Le reconfinement acté par plusieurs Etats en zone euro pourrait avoir de nouvelles conséquences importantes sur la trésorerie des entreprises. Certains secteurs semblent particulièrement exposés à ces impacts : textile-habillement, commerce non-essentiels, services de transports, concessionnaires automobiles, hôtellerie-restauration, et activités de loisir entre autres. Euler Hermes estime que ces secteurs pourraient subir des pertes d’exploitation en 2020 de -15% à -20% en moyenne en zone euro (vs niveaux d’avant-crise).

« Face à ces pertes, si les soutiens étatiques ne sont pas prolongés au-delà du S1 2021 ou que les entreprises se montrent peu enclines à emprunter à nouveau, le manque de liquidités pourrait rapidement se faire ressentir. Nous estimons ainsi qu’en zone euro, en France et en Allemagne, 1 entreprise sur 4 pourrait être en situation de crise de trésorerie l’année prochaine, c’est-à-dire en manque de liquidités pour garantir le bon fonctionnement de l’activité », alerte Ana Boata, Directrice des recherches macroéconomiques d’Euler Hermes.

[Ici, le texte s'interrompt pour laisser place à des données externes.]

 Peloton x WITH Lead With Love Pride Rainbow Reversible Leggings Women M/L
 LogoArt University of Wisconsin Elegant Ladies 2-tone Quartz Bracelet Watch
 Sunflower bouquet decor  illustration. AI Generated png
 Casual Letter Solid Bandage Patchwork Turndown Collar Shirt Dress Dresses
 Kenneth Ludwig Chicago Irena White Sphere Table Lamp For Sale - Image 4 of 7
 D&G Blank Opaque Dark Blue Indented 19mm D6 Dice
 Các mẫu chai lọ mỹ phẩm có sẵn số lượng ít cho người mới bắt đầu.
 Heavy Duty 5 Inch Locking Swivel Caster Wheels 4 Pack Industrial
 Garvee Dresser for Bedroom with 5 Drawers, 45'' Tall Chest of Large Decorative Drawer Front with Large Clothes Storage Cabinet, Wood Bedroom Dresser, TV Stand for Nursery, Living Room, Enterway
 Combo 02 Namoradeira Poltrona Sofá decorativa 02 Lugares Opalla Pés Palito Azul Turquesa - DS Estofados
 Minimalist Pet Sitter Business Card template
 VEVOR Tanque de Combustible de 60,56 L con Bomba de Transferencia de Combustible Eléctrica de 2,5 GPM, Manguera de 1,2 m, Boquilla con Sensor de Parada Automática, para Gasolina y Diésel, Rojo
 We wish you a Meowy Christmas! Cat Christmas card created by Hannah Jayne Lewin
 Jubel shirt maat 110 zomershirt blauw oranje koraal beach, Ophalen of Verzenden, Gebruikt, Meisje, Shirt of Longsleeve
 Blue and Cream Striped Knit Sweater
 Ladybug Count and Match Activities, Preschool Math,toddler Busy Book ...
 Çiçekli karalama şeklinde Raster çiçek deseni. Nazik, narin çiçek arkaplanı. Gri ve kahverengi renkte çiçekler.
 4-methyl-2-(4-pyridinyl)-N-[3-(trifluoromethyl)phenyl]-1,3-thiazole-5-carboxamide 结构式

Le chiffre d’affaires cumulé des entreprises exposées au risque de crise de trésorerie atteint 4 300 Mds EUR en zone euro, soit 20% du total du chiffre d’affaires des entreprises non-financières de la zone euro. En France, près de 860 Mds EUR de chiffre d’affaires cumulé est exposé au risque de crise de trésorerie, soit 22% du total du chiffre d’affaires des entreprises non-financières françaises.